1993 novel by Francine Rivers

A Voice in the Wind (1993) is a novel by Francine Rivers, and the first book in the Mark of the Lion Series.

== Synopsis ==
The story follows the life of a young Christian-Jewish slave named Hadassah living under the Roman Empire. When Jerusalem falls to Roman forces in AD 70, Hadassah's whole family dies and she is taken to Rome as a slave. She is bought by the Valerian family to be a handmaid to their young teenage daughter, Julia. Julia is rebellious and willful, eager to grasp at all the pleasures that life has to offer. Julia initially dislikes Hadassah because of her homely appearance but comes to trust her and to rely on her gentleness and unconditional care. Hadassah is faithful and kind but afraid of many things. As the story progresses, she gains the courage to tell others about her faith in Jesus. Meanwhile, the Valerians oldest son, Marcus, is intrigued by Hadassah's innocence and unwavering faith, and begins to fall in love with her. Hadassah is equally attracted to Marcus but is worried that falling in love with him will lead her away from God because he is not a Christian. When Marcus confesses his feelings to Hadassah and asks her to marry him, she is faced with a difficult choice: stay close to God or fall for a man who will lead her away from her faith.

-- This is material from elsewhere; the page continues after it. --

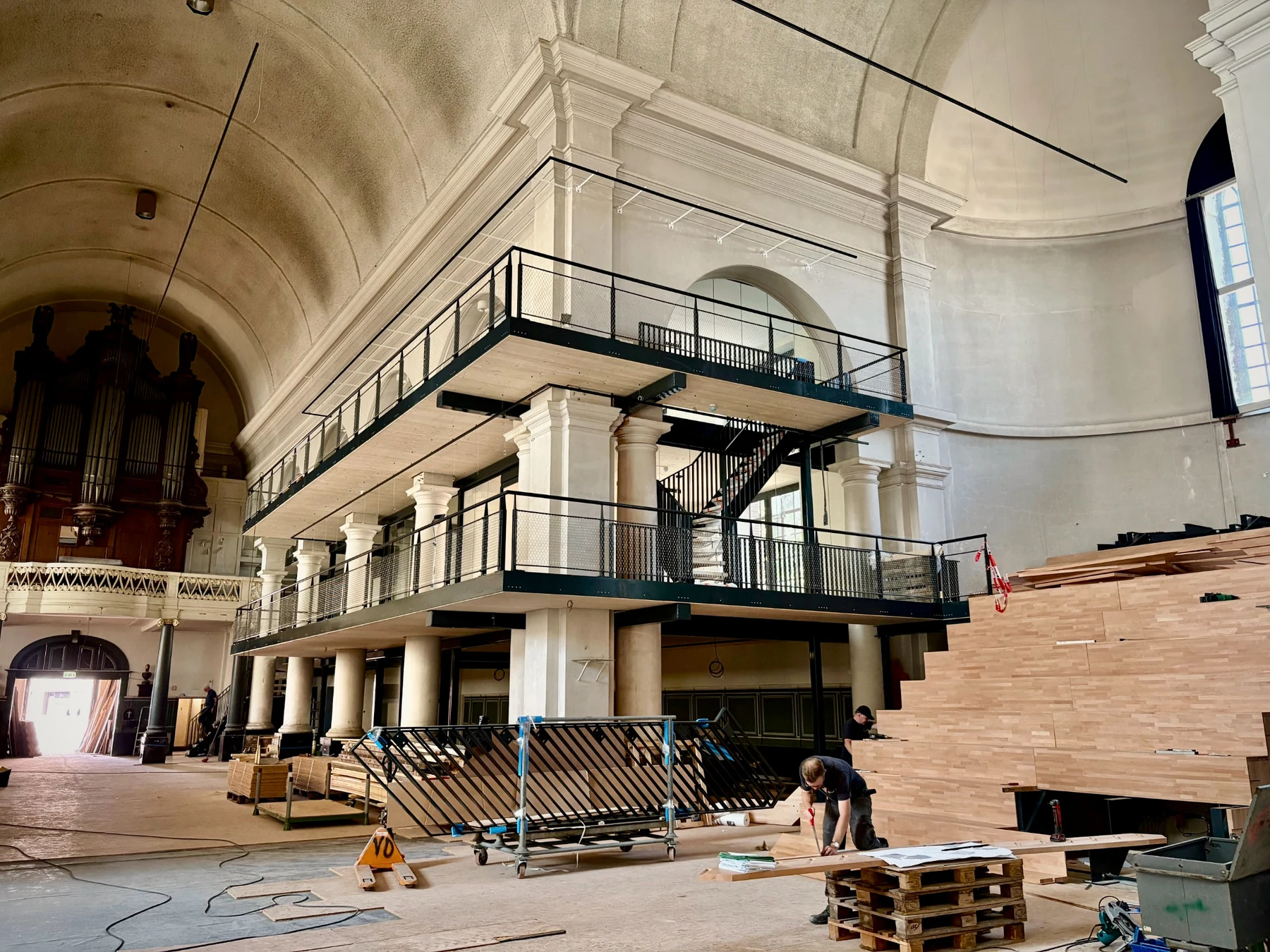 Nieuwe stalen galerijen en houten tribune binnen de monumentale kolommen en gewelven van de Sint-Jan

The story also follows Atretes, a young German tribesman who is captured by Roman soldiers and forced to fight as a gladiator. Atretes's pride and hatred for Rome fuels him in his struggle for survival in the arena, but he is gradually overcome with bitterness and despair at being forced to fight for the entertainment of the Roman mob.

A major theme of the novel is the quest for peace and meaning in the midst of the world of debauchery and pleasures that Rome has to offer. Hadassah's faith in God despite her sufferings and the impact that she has on the Valerian family is a central part of the story.